I'm thinking people would tab chapters from various books. For e.g.  Camera books have a lot of chapters and not of them are included in PE syllabus, so you may want to tab relevant sections so you to it right away. I don't think you can go on tabbing individual pages and sections. If the information in your view is that important then that should perhaps go in your binder for e.g some formulas


----------



## Szar (Dec 10, 2018)

roy167 said:


> Yeah, I would also like to know about how much to tab etc.  If some gracious member can post the pictures of what they did so we get an idea.
> 
> I'm thinking people would tab chapters from various books. For e.g.  Camera books have a lot of chapters and not of them are included in PE syllabus, so you may want to tab relevant sections so you to it right away. I don't think you can go on tabbing individual pages and sections. If the information in your view is that important then that should perhaps go in your binder for e.g some formulas


----------



## roy167 (Dec 10, 2018)

Wow!

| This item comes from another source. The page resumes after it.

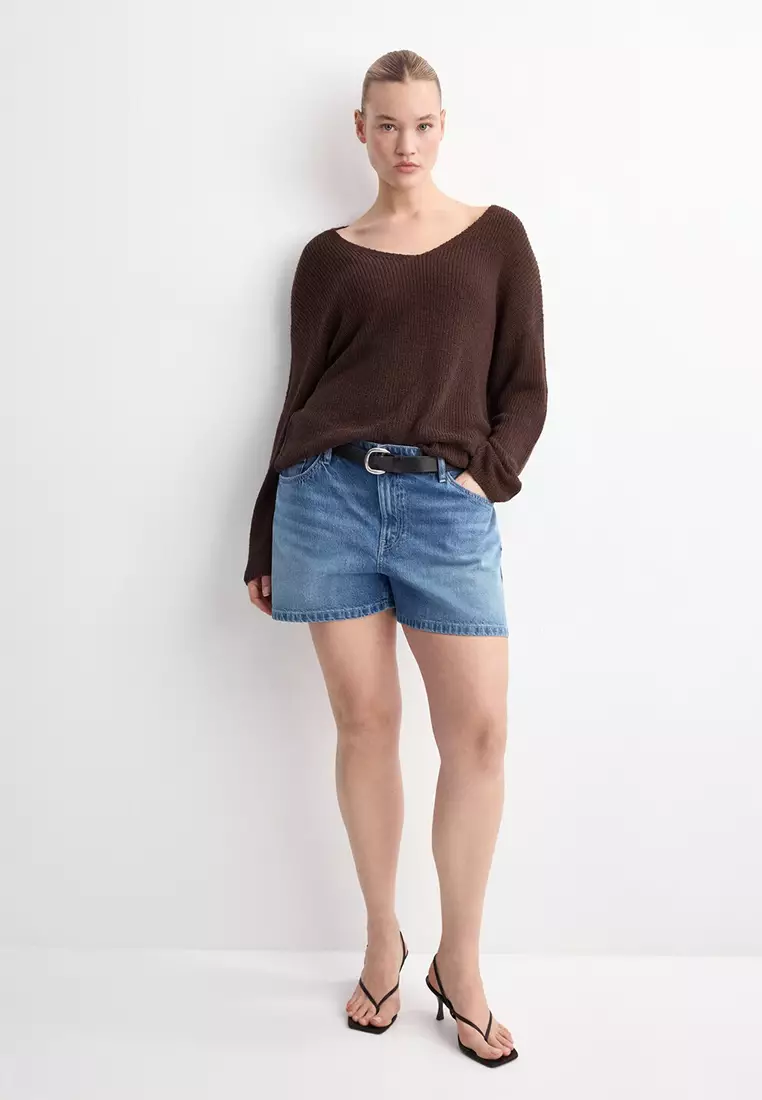 Straight Mid-Rise Denim Shorts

You are man on the mission.  I'm not sure what these thick books are. The reference books mentioned in here are not that thick except electrical enginner's handbook. 



> View attachment 12410


----------



## DLD PE (Dec 10, 2018)

I used the standard medium-size post it notes.  I just turned them upside-down and wrote on the top (or bottom after I rotated them) and stuck them on the page so the bottom part would stick out just enough for me to read the "tab".  This is an inexpensive way to do tabs.


----------



## roy167 (Dec 17, 2018)

Does anyone have any recommendation on the removable tabs so you can sell the expensive books later?


----------



## User1 (Dec 17, 2018)

roy167 said:


> Does anyone have any recommendation on the removable tabs so you can sell the expensive books later?


I love the post it tabs. theyre removable - i've transferred from one steel manual to the next to the next.

but the normal small postits are also easily removable and sufficient - i would probably use these if i intended to sell my references after use


----------



## LyceeFruit PE (Dec 17, 2018)

I used these tabs: https://www.amazon.com/Post-Assorted-5-Inch-Dispensers-683XL1/dp/B00QL1AW00/ref=sr_1_4?ie=UTF8&amp;amp;qid=1545064359&amp;amp;sr=8-4&amp;amp;keywords=post-it+tabs

Sticky enough to stay put during the exam but easily removable after if I want. Plus the bottom portion is clear so if it covers text, I can still read it. Easy to write on - suggest a skinny sharpie or a ballpoint over say a Pilot G2 pen. Sharpie pens dry the fastest on it.


----------